Cahill & Redman v. Great Northern Ry. Co.

Decision Date05 February 1918
Docket Number4186. [*]
Citation166 N.W. 306,40 S.D. 55
PartiesCAHILL & REDMAN et al. v. GREAT NORTHERN RY. CO.
CourtSouth Dakota Supreme Court

Appeal from Circuit Court, Minnehaha County; Joseph W. Jones, Judge.

The Board of Railroad Commissioners, at the instance of Cahill & Redman, ordered that the Great Northern Railway Company, a corporation, put into operation at a station a stockyards scale, and from the judgment of the circuit court, reversing the order of the Board, the State appeals. Order affirmed.

Oliver E. Sweet, Asst. Atty.
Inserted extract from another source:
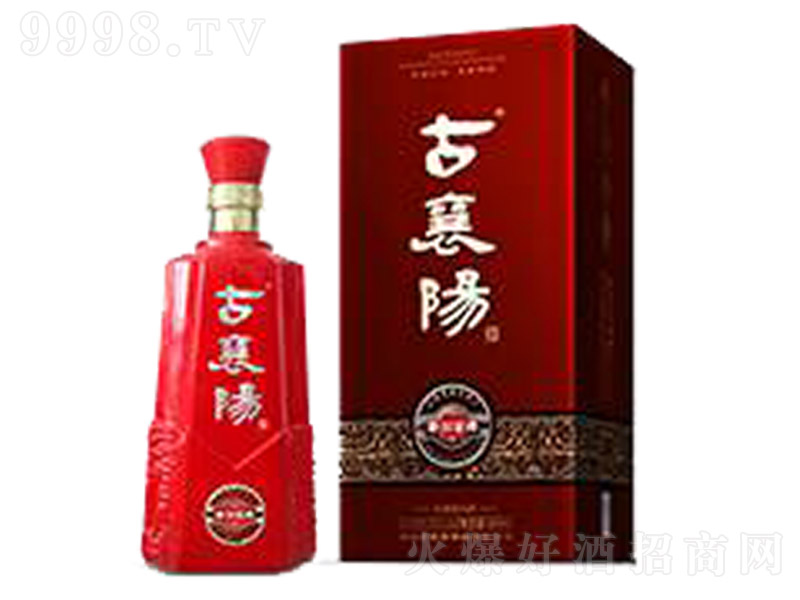 ������y�׾� �����Ͱ׾ơ�42�� 500ml��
Gen., for the State.

Aikens & Judge, of Sioux Falls, for respondent.

SMITH J.

The Board of Railroad Commissioners made an order:

"That the Great Northern Railway Company construct and put in operation at its stockyards at its station at Albee in Grant county, in this state, not later than April 15 1916, a four-ton Fairbanks-Morse stockyards scale, in such manner as to permit of the weighing of local stock loaded into and unloaded from cars at that station, as well as the weighing of stock received into the stockyards at Albee."

The Great Northern Railroad appealed from this order to the circuit court of Minnehaha county, and that court, upon review of the evidence and proceedings before the Board of Railroad Commissioners, found as matter of fact that a scale at the stockyards at Albee was not a facility necessary for the convenience and accommodation of the public; that shipments of local stock from said station are made and freight charges thereon computed upon a basis not requiring the use of stockyard scales at said station; that live stock so shipped and loaded into cars is subject to tariff minimum weights, and is weighed upon track scales at the terminal market, and that the weight so ascertained is the basis upon which freight charges are computed; that stockyard scales at the town of Albee is not an instrumentality of shipment or carriage, and is not included in "transportation," and is not a facility for receiving, forwarding, or delivering property by the common carrier to and from its lines, or other lines and places connected therewith; that such scales would be useful and would be used only for the purpose of facilitating the consummation of business transactions between buyers and sellers of local stock, and would not be used at the station of Albee as the basis of weight for ascertaining or computing freight charges for transportation, or for any purpose connected with transportation of such property by the defendant; that carload lots of stock are always shipped subject to tariff minimum carload rates, and that weighing at terminal or other points en route is for the purpose only of ascertaining the excess of the load over minimum weight, upon which excess freight charges are computed to be added to the minimum carload rate.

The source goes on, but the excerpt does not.